Cliché is the name of the game here; it's a simple and straightforward story and there's nothing surprising or innovative here. Considering the setup of a potentially dying child, it lacks any real punch for the audience. In fact, it fails to even get its audience emotionally connected with the characters. It instead seems to be retreading old ground for the creators, who take just about every element from A Cat in Paris and try to reuse them here.
While the art is certainly not on par with their previous film, it maintains the same style and direction, the type of which is rarely seen anymore, certainly not on the big screen. The film is a whimsical throwback to the hand-drawn films of old. The problem with this is, frankly… it looks ugly. It's a style that perhaps would attract a certain audience who grew up with the style, certainly French viewers, but for the majority, it's hard to focus on the action on-screen when the style is so off-putting. Conversely, the sound design is fantastic, and this is definitely worth watching in the original French - the soundtrack, sound effects, and voice actors (including Amélie's Audrey Tautou) all combine to produce a quality product.

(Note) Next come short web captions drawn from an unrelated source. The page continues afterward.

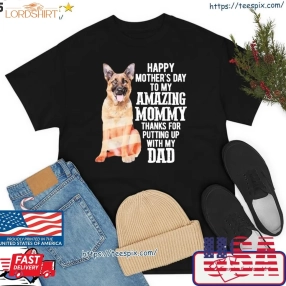 Dog Alsace Happy Mother's Day To My Amazing Mommy Thanks For Putting Up With My Dad Shirt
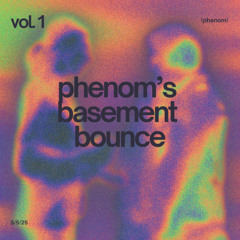 phenom's basement bounce (vol.1)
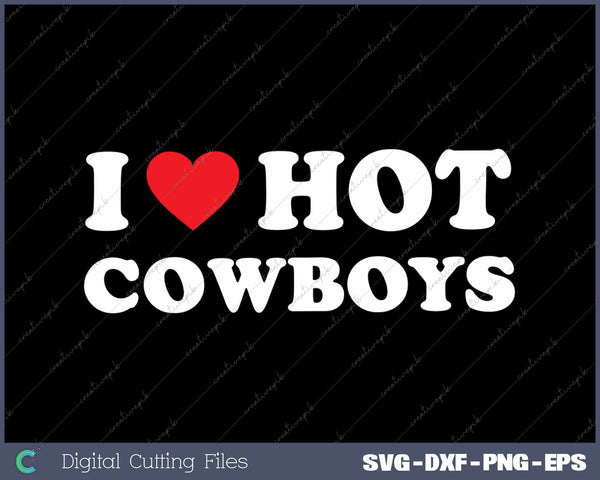 I Love Hot Cowboys Funny Western Rodeo SVG PNG Cutting Printable Files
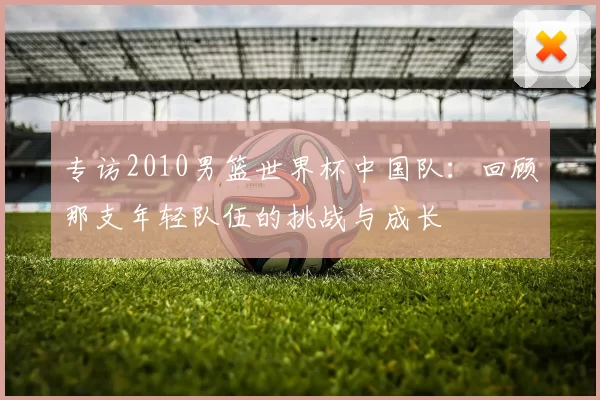 专访2010男篮世界杯中国队:回顾那支年轻队伍的挑战与成长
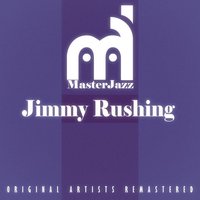Crazy Blues - Jimmy Rushing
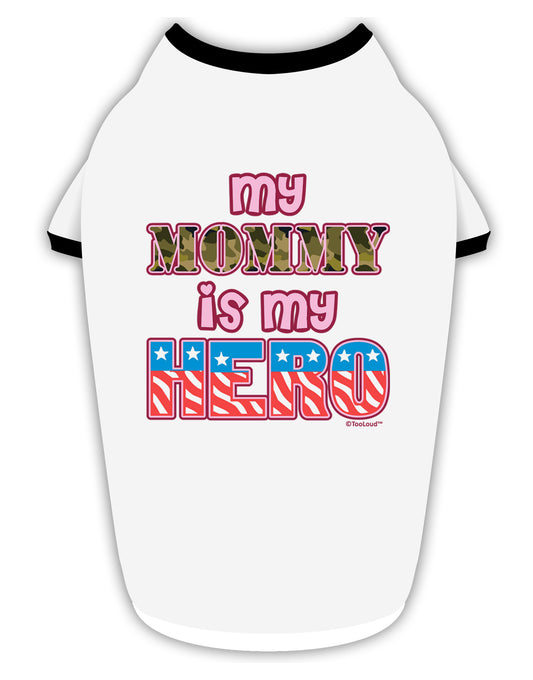 My Mommy is My Hero - Armed Forces - Pink Stylish Cotton Dog Shirt by TooLoud-Dog Shirt-TooLoud-White-with-Black-Small-Davson Sales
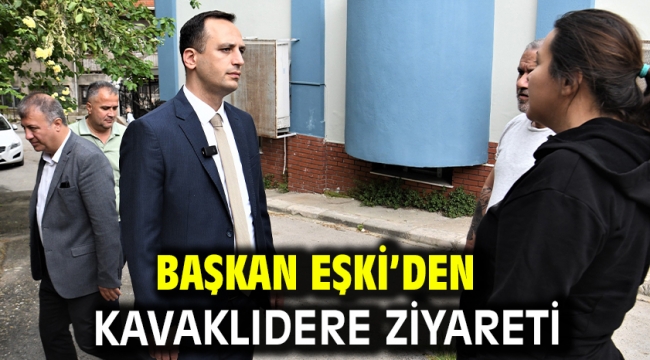 Başkan Eşki'den Kavaklıdere ziyareti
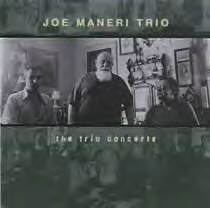 JOE MANERI / MANERI ENSEMBLE - The Trio Concerts cover 
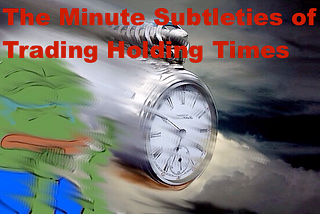 The Minute Subtleties of Trading Holding Times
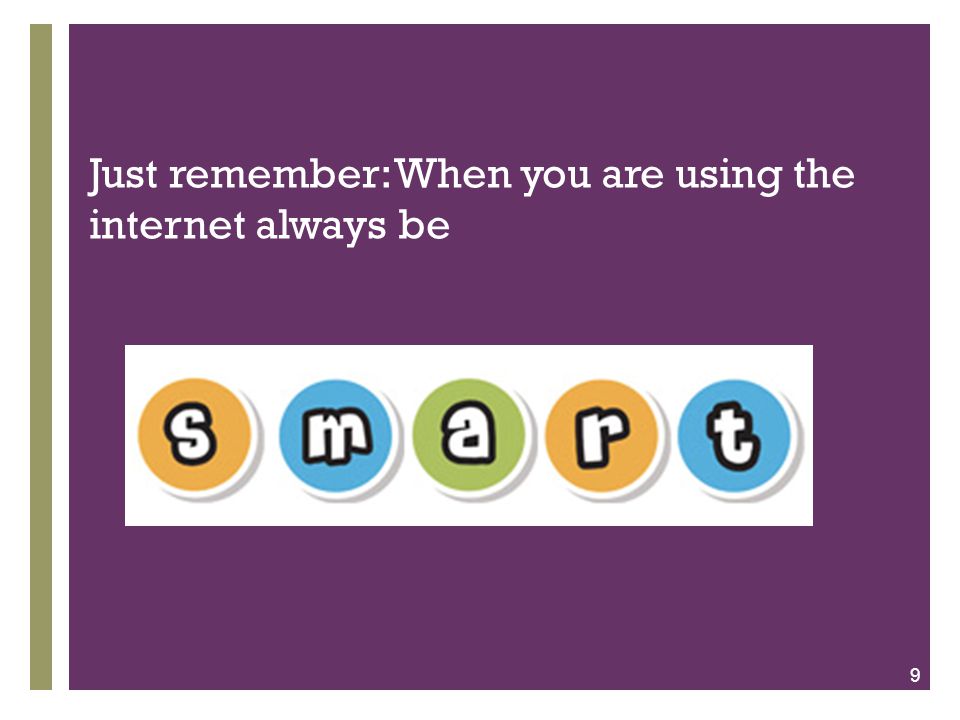 + Just remember: When you are using the internet always be 9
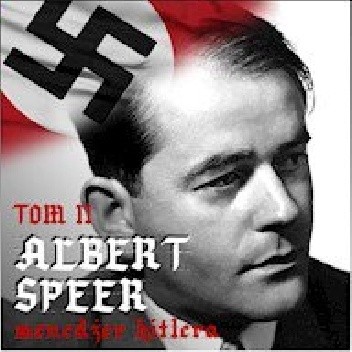 Albert Speer. ?Dobry? nazista. Część II. Menedżer Hitlera (1941-1945)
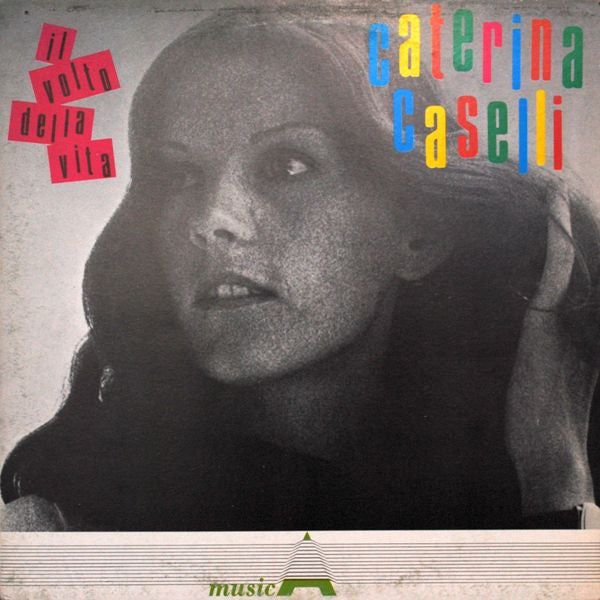 Caterina Caselli – Il Volto Della Vita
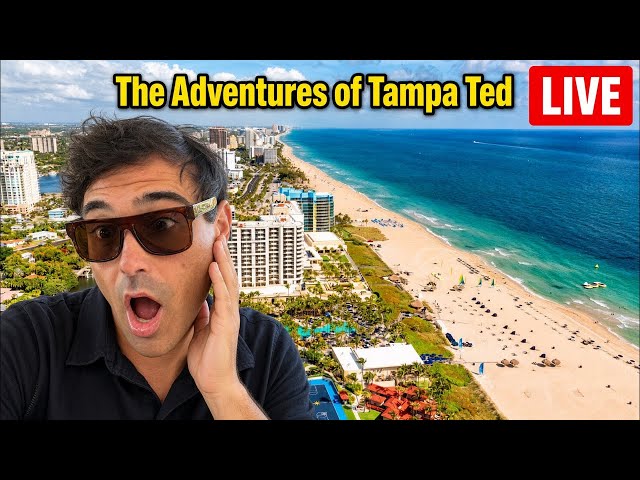 🚨The Adventures of Tampa Ted🚨-LIVE
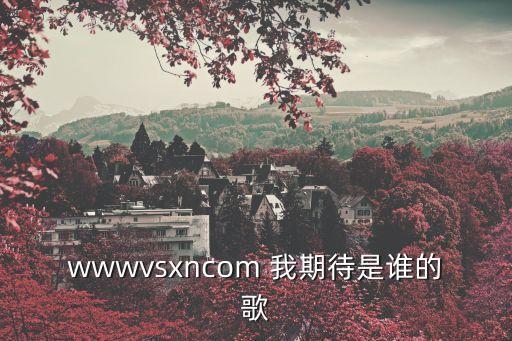 wwwvsxncom 我期待是誰的歌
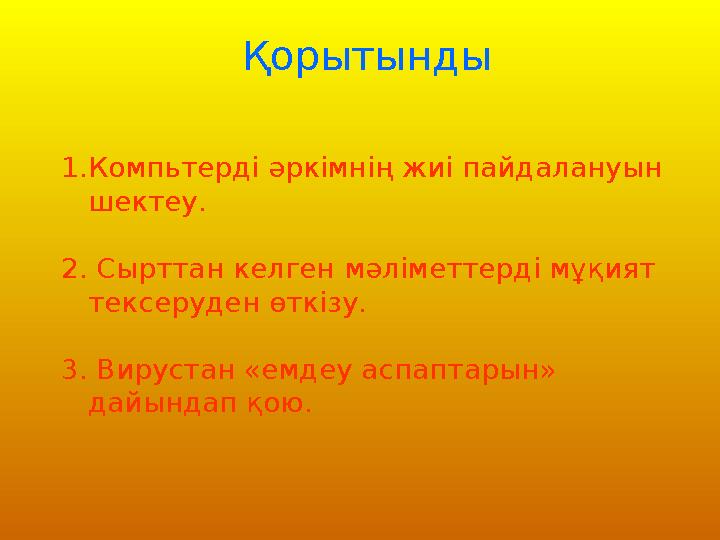 Қорытынды 1. Компьтерді әркімнің жиі пайдалануын шектеу. 2. Сырттан келген мәліметтерді мұқият тексеруден өткізу. 3. Вирустан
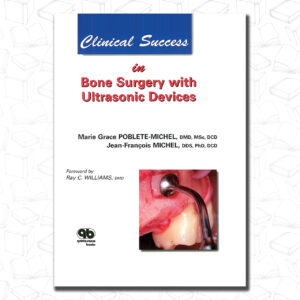 Clinical Success in Bone Surgery With Ultrasonic Devices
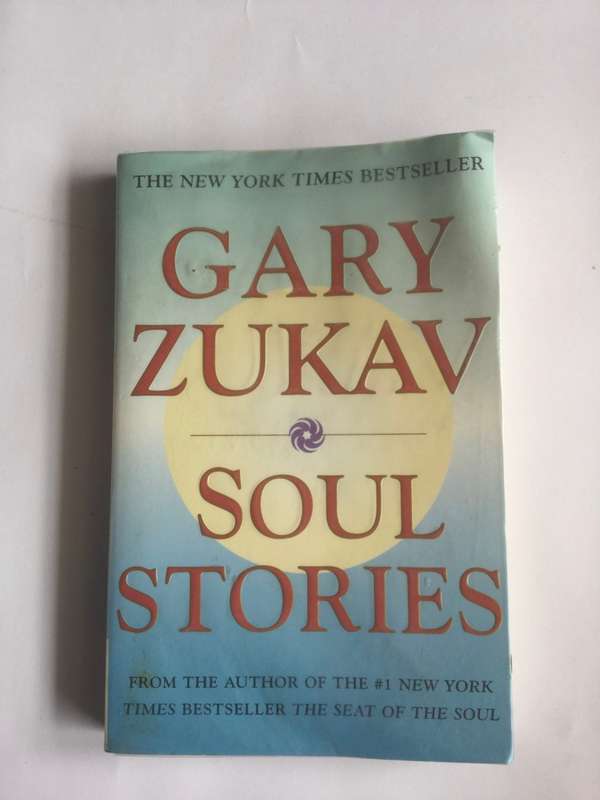 Soul Stories by Gary Zukav
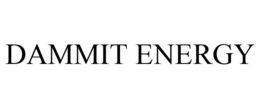 DAMMIT ENERGY trademark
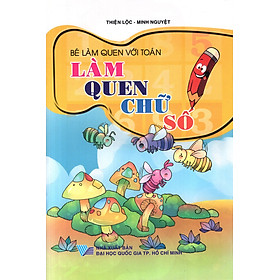 Download sách Bé Làm Quen Với Toán: Làm Quen Chữ Số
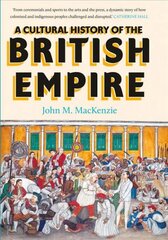 Cultural History of the British Empire kaina ir informacija | Istorinės knygos | pigu.lt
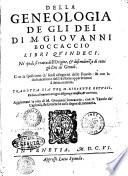 Della genealogia de gli dei di m. Giouanni Boccaccio libri quindeci. Ne' quali si tratta dell'origine, ... di tutti gli dei ... Tradotta gia per m. Gioseppe Betussi. Et hora di nuouo ... corretta. Aggiuntaui la vita di m. Giouanni Boccaccio, ..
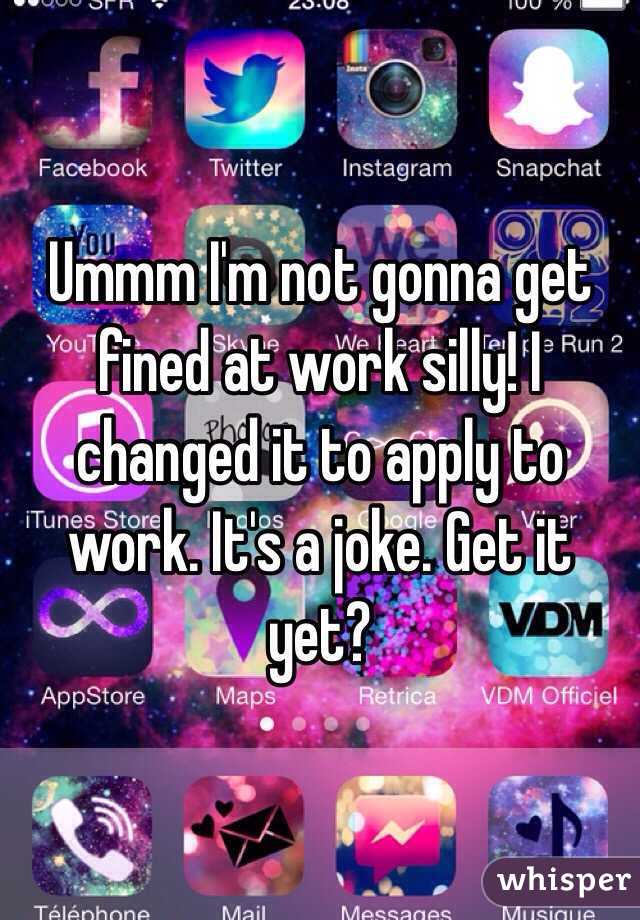 Ummm I'm not gonna get fined at work silly! I changed it to apply to work. It's a joke. Get it yet? 
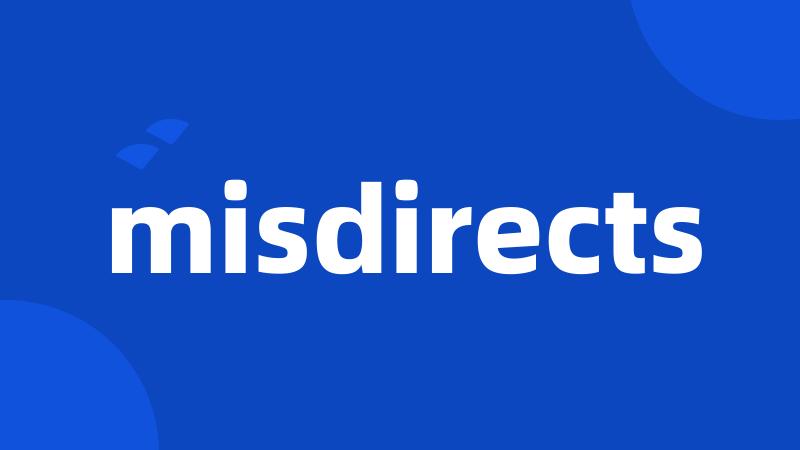 misdirects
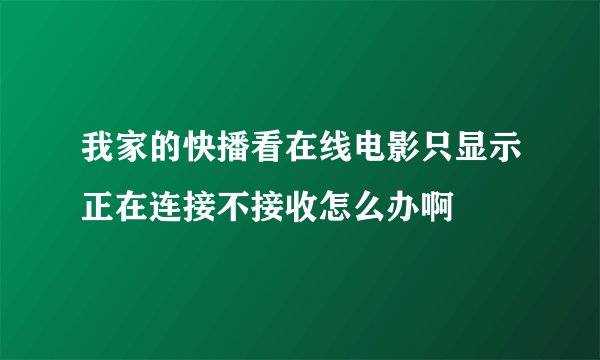 我家的快播看在线电影只显示正在连接不接收怎么办啊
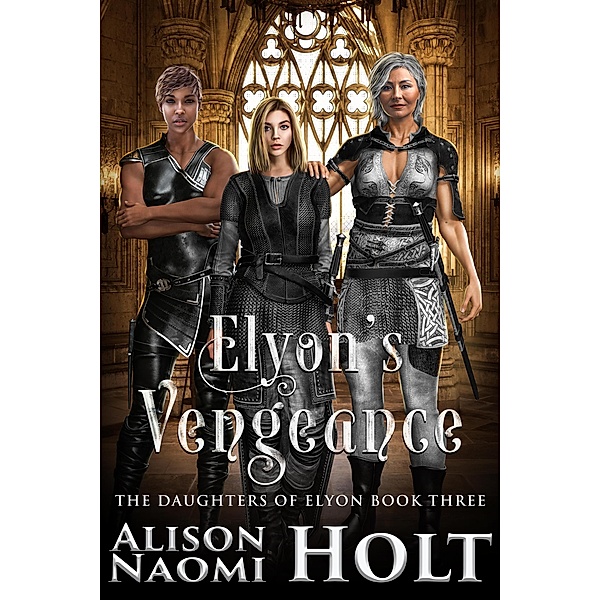 Elyon's Vengeance (The Daughters of Elyon, #3) / The Daughters of Elyon, Alison Naomi Holt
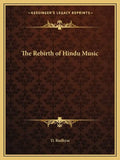 The Rebirth of Hindu Music - Paperback
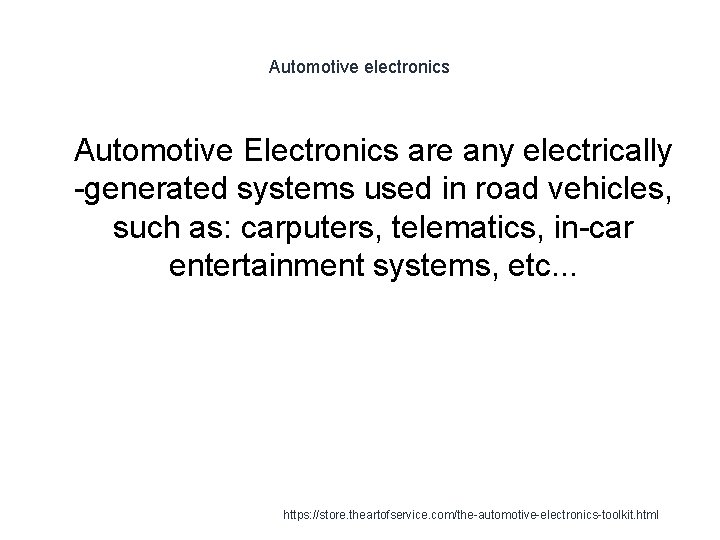 Automotive electronics 1 Automotive Electronics are any electrically -generated systems used in road vehicles,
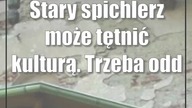 Stary spichlerz może tętnić kulturą.  Trzeba oddać głos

Phantom Boy tries to be something different and that's good. Nobody needs a world of animated films that are only produced by Disney or Dreamworks, Pixar or Ghibli… Okay, just Ghibli would be amazing, but it sadly cannot bring anything new to the table, other than its experimental-but-ugly style. It tries to live up to the stories of Miyazaki but cannot deliver a story that connects with the audience in the way Studio Ghibli always makes seem effortless. Phantom Boy tries to create a superhero, but ends up delivering a ghost of one.